Key Experimental Results

Main Results

Method Target Accuracy Macro F1 Domain AUC
Baseline (no adaptation) 46.8% 0.298 1.00 (fully separated)
DANN (adversarial) 86.5% ~0.5
Euclidean (fixed weights) ~85% ~0.51
Euclidean (trainable weights) 87.3% 0.626 ~0.51

Domain AUC ≈ 0.5 indicates that source and target features are indistinguishable in the latent space (ideal alignment).

Key Findings

  • Domain adaptation yields substantial gains: accuracy improves from 46.8% to 87.3% (+40.5 percentage points), confirming that the simulation-to-observation domain shift is a severe problem.
  • Euclidean distance achieves the best alignment performance among the 12 evaluated metrics.
  • Trainable weight scheduling outperforms both fixed and linear schedules, allowing the network to learn its own alignment pace.
  • The 20-epoch warmup is critical — establishing good classification features before domain alignment is applied.
  • The top-\(k\) loss combined with ResNet effectively drives class-level cross-domain alignment.
  • Irregular galaxies (the rare class) remain the primary challenge, as evidenced by Macro F1 substantially lagging behind accuracy.

Highlights & Insights

  • Practical Pipeline: Directly addresses the needs of forthcoming Rubin/Roman surveys, with a clear path from simulation-based training and real-data evaluation to future multi-task extension.
  • Metric Engineering: Systematic comparison of 46 distance metrics is a distinctive contribution; the extended GeomLoss library offers practical value to the domain adaptation community.
  • Physical Significance: The goal of domain alignment is not merely to improve classification accuracy, but more importantly to ensure the calibration of physical inference — a distinction that sets this work apart from general domain adaptation research.

Limitations & Future Work

  • Only three morphological classes (elliptical / spiral / irregular) are considered; extension to continuous physical quantities (stellar mass, SFR) has not yet been attempted.
  • Performance on the irregular galaxy class remains poor, with Macro F1 of only 0.626.
  • The paper is described as a "preliminary pipeline" and has not yet been validated on large-scale multi-redshift data.
  • The method assumes a stable conditional label distribution \(p_S(y|x) \approx p_T(y|x)\), whereas systematic differences in label definitions between simulations and observations may exist.
  • vs.
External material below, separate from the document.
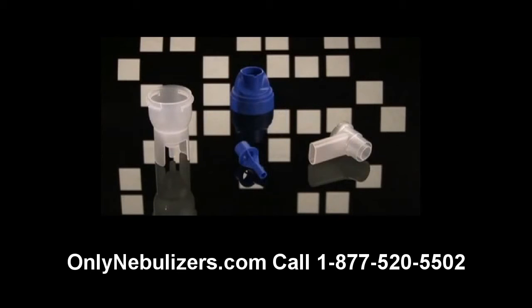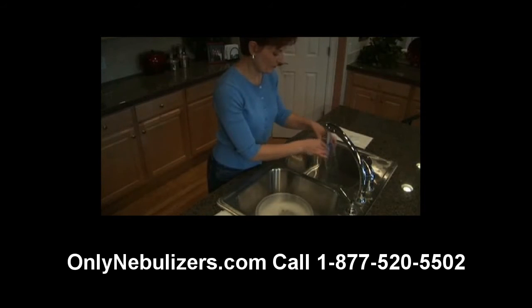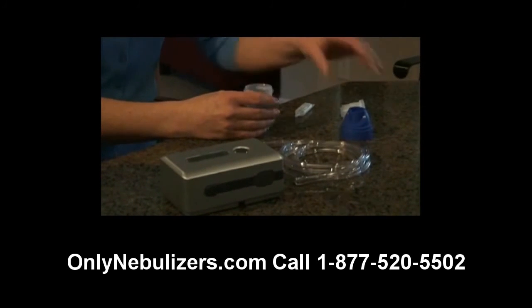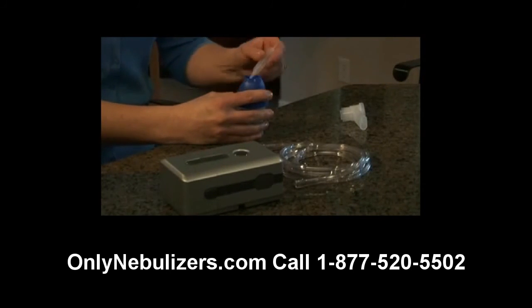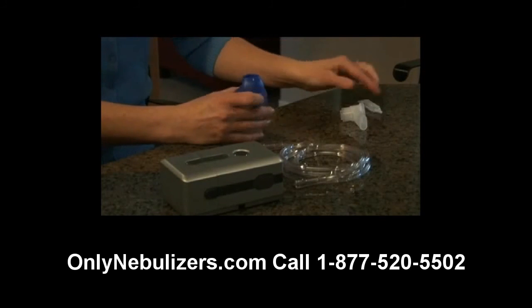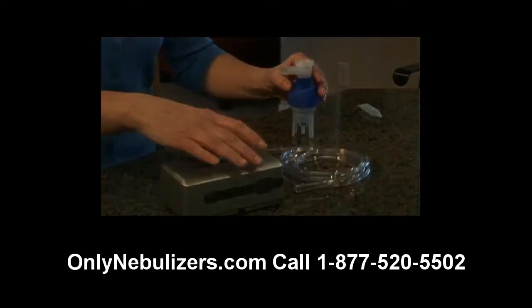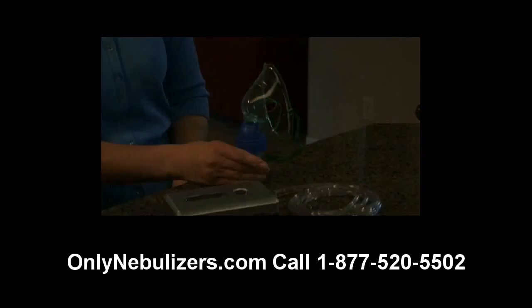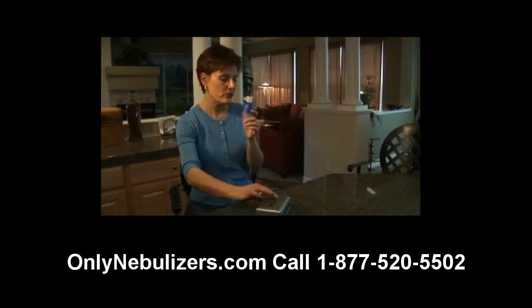The reusable nebulizer consists of a mouthpiece, cap, medication cup, baffle, and tubing. Before you use your nebulizer for the first time, clean all parts by following the instructions provided later in this video. After washing your hands, insert the baffle into the nebulizer medication cup. While holding the cup, attach the nebulizer cap by turning clockwise. Next, add the prescribed dosage of medication into the nebulizer through the large opening in the top of the nebulizer cap, and attach the mouthpiece to the cap by pushing gently straight down. If you're using an aerosol mask, place the mask adapter directly into the top of the nebulizer cap. Finally, attach the tubing to the nebulizer air inlet connector.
DeepAstroUDA (Ciprijanović 2023): Prior work pioneered astronomical domain adaptation; this paper advances it through metric selection and the top-\(k\) loss formulation.
  • vs. DANN: The classical adversarial domain adaptation method serves as a baseline; the proposed distance-based approach achieves comparable performance with greater stability.

Rating

  • Novelty: ⭐⭐⭐ The domain adaptation methodology itself is not novel, but the top-\(k\) OT matching and the systematic comparison of 46 metrics are valuable contributions.
  • Experimental Thoroughness: ⭐⭐⭐ A preliminary pipeline with sufficient comparison across three backbones and multiple alignment strategies, though limited to three-class classification.
  • Writing Quality: ⭐⭐⭐ Method descriptions are clear, but the paper is relatively short for a NeurIPS submission.
  • Value: ⭐⭐⭐⭐ Directly addresses practical needs of the astronomical AI community and is well-positioned for next-generation surveys.